* [Input material]:

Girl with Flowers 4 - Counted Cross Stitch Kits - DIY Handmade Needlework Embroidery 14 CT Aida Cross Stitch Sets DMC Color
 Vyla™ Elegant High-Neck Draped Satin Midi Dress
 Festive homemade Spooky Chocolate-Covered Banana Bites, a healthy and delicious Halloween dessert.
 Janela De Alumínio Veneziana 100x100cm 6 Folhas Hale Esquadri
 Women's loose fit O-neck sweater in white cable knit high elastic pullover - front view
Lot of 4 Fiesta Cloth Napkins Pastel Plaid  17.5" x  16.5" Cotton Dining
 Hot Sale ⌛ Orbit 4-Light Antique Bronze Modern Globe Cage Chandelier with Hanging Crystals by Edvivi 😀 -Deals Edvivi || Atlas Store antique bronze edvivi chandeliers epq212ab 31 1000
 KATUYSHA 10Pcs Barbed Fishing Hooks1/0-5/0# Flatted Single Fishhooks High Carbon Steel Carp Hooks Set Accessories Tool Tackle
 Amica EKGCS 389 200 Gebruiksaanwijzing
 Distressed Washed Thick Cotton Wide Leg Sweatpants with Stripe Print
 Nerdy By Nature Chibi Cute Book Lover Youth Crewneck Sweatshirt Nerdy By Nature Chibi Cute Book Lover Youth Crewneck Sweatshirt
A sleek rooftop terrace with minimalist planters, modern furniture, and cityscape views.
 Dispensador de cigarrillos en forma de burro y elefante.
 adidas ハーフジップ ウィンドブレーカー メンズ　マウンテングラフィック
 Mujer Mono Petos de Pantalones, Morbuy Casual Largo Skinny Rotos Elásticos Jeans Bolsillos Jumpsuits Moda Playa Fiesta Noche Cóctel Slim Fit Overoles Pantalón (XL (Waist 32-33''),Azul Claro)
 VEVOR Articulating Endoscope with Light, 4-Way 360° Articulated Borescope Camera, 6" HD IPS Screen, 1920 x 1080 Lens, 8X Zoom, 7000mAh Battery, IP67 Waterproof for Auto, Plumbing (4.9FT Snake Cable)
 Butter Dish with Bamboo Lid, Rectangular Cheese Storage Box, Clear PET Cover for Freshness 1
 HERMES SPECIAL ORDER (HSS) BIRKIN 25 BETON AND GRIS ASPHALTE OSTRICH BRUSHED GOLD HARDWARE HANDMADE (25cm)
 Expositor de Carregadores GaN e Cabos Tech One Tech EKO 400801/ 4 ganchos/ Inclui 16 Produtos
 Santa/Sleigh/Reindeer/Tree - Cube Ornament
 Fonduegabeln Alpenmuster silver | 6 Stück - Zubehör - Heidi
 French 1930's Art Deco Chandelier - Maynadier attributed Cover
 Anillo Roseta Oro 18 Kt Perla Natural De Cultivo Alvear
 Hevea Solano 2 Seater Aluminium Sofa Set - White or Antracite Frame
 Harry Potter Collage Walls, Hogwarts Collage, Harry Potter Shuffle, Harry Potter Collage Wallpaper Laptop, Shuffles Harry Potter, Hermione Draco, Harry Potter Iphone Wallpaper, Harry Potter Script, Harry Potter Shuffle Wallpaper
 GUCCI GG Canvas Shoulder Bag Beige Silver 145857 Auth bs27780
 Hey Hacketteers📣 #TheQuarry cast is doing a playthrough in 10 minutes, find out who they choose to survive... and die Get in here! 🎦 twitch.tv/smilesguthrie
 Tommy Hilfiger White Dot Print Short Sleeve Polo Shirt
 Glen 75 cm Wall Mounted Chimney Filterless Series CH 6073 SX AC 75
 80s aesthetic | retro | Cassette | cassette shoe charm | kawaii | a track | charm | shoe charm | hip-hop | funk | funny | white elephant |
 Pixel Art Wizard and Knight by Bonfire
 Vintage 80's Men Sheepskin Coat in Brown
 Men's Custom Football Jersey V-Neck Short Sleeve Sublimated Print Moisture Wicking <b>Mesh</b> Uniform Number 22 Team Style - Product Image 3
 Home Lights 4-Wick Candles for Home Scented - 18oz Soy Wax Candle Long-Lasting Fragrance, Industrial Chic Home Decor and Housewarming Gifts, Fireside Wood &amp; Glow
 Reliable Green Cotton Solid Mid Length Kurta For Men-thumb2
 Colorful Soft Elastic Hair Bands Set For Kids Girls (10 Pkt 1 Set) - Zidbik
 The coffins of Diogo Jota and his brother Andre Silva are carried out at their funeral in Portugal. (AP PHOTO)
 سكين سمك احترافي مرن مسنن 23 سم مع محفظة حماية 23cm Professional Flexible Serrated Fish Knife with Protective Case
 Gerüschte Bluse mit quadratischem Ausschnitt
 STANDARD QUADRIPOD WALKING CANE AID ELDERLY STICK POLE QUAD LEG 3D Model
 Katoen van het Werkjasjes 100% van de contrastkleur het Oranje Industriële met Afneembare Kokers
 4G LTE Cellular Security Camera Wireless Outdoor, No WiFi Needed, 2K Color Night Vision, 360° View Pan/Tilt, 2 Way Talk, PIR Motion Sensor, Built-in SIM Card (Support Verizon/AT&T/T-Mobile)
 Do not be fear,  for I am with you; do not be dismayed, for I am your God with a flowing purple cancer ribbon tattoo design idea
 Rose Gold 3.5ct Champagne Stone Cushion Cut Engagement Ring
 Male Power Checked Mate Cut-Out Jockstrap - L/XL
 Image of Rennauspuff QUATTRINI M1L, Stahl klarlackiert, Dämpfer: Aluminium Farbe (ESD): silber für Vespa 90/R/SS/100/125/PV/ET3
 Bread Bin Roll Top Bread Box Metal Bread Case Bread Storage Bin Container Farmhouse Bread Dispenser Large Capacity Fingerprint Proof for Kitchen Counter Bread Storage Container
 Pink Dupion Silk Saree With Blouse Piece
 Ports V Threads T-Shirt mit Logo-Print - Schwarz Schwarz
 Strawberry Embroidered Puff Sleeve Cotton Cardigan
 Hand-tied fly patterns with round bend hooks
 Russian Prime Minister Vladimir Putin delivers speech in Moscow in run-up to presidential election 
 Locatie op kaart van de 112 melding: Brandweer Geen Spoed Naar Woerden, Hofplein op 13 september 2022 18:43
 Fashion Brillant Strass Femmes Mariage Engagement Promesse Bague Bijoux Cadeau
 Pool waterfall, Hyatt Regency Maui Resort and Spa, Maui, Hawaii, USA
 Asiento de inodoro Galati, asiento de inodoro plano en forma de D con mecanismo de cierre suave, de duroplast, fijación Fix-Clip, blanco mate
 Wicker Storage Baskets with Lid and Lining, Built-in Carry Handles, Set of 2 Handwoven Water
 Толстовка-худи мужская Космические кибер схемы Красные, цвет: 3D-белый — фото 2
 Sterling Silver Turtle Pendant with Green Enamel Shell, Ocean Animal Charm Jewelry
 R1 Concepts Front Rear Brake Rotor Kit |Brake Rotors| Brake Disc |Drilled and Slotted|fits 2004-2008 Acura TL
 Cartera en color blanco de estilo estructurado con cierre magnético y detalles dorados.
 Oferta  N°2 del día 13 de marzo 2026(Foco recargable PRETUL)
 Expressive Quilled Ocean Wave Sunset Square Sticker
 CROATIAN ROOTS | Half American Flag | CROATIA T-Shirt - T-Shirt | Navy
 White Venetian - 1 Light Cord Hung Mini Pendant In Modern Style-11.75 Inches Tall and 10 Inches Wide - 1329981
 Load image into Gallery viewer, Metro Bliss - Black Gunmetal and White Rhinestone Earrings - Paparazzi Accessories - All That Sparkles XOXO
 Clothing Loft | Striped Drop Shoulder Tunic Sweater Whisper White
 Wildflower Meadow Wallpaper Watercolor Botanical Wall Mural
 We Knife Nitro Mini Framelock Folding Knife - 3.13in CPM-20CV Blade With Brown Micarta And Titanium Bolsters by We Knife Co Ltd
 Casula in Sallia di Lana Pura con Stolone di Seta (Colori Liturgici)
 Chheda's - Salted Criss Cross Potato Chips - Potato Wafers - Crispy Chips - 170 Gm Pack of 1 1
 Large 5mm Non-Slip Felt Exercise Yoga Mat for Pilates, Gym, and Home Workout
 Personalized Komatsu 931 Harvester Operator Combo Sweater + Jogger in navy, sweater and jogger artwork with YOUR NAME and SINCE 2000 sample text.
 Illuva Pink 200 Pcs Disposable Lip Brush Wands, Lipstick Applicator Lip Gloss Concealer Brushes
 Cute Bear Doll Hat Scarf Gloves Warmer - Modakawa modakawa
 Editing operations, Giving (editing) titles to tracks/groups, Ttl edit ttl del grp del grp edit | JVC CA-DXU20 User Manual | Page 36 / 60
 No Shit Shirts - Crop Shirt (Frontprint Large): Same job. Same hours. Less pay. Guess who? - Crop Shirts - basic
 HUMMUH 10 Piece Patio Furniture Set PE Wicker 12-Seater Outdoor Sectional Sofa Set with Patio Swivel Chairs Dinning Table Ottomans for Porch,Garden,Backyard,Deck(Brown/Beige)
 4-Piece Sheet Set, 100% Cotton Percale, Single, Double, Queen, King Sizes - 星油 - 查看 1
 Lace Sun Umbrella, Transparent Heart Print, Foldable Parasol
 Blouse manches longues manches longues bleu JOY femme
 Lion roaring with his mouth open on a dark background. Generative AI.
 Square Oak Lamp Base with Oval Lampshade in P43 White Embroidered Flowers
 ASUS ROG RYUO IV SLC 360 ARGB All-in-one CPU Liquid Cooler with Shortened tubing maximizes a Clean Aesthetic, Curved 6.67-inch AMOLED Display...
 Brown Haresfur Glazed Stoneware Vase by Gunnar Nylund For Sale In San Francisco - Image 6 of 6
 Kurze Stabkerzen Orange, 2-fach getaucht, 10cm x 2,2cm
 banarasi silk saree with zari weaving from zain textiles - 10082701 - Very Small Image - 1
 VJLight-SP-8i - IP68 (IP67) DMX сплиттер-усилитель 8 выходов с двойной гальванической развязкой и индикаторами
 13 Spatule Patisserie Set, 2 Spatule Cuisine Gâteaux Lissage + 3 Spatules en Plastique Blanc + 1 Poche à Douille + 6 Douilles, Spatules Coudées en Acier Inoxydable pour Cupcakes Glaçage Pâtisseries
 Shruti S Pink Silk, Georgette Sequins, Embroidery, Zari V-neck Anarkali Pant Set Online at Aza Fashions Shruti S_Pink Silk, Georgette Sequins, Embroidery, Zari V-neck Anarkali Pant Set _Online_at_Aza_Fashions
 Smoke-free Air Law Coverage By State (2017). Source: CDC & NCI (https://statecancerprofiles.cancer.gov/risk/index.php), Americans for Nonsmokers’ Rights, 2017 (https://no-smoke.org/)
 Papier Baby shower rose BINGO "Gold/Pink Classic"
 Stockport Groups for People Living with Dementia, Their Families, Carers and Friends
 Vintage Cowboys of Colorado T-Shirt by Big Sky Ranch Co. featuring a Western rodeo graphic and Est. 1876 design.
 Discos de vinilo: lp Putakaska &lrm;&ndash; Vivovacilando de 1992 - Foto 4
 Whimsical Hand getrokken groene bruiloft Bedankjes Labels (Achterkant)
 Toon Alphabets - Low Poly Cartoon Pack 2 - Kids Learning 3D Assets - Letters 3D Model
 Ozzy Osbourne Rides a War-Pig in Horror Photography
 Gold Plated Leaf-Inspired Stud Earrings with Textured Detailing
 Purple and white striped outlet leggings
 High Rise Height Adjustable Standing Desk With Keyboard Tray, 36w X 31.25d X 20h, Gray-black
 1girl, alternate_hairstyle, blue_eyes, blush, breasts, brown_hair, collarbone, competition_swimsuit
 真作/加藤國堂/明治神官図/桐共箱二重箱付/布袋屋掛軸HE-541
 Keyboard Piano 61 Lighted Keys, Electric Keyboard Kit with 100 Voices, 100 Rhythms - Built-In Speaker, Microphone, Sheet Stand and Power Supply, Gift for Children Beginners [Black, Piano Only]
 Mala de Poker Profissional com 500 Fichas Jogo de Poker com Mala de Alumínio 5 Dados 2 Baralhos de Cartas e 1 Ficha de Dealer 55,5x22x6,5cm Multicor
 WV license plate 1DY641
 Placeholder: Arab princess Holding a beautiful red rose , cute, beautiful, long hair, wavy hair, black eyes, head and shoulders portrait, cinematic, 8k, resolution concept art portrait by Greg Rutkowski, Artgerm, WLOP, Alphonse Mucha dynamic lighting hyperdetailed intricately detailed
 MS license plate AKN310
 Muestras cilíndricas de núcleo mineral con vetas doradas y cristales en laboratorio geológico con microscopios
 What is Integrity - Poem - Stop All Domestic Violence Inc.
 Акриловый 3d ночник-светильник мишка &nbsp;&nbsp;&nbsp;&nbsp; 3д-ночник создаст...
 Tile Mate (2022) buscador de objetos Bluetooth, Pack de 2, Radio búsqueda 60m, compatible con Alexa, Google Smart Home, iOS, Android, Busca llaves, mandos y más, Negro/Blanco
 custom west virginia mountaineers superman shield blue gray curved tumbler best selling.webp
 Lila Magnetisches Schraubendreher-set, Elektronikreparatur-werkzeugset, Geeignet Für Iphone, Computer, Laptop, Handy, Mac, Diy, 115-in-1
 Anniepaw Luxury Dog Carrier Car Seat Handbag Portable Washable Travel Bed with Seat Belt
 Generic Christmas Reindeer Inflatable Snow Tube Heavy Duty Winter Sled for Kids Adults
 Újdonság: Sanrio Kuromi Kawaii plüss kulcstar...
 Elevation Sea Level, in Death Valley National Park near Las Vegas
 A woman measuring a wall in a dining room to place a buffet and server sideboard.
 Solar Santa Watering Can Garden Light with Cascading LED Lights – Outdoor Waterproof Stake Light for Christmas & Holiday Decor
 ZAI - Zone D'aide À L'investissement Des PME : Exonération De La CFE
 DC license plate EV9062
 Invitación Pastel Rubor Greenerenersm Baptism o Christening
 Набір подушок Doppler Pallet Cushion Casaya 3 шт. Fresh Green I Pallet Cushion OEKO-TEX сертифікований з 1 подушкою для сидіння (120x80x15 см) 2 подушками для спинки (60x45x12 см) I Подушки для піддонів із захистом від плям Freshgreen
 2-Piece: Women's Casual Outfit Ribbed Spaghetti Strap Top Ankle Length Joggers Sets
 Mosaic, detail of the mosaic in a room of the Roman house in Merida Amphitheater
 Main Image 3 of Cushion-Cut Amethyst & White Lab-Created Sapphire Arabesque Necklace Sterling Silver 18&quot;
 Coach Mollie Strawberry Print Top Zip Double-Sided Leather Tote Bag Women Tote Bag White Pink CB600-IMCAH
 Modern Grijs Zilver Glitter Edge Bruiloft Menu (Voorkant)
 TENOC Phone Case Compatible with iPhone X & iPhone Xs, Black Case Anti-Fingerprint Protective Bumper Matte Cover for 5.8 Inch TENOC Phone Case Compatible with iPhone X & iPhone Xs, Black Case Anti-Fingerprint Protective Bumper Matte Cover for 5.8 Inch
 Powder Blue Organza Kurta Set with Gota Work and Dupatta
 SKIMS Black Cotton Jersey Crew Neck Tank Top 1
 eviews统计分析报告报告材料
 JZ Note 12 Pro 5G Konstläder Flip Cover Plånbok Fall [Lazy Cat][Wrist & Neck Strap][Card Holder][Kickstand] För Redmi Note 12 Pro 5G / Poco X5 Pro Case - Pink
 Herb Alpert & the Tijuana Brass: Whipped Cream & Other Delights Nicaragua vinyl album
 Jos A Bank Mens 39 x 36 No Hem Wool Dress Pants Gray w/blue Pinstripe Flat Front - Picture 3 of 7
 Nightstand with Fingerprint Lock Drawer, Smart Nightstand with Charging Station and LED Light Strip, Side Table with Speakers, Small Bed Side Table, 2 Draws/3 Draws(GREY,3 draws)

* [Directions]:
Would you please repeat exactly the lines above, starting at the line with "A sleek rooftop" and stopping at the line with "Mujer Mono Petos", both included?

* [Result below]:
A sleek rooftop terrace with minimalist planters, modern furniture, and cityscape views.
 Dispensador de cigarrillos en forma de burro y elefante.
 adidas ハーフジップ ウィンドブレーカー メンズ　マウンテングラフィック
 Mujer Mono Petos de Pantalones, Morbuy Casual Largo Skinny Rotos Elásticos Jeans Bolsillos Jumpsuits Moda Playa Fiesta Noche Cóctel Slim Fit Overoles Pantalón (XL (Waist 32-33''),Azul Claro)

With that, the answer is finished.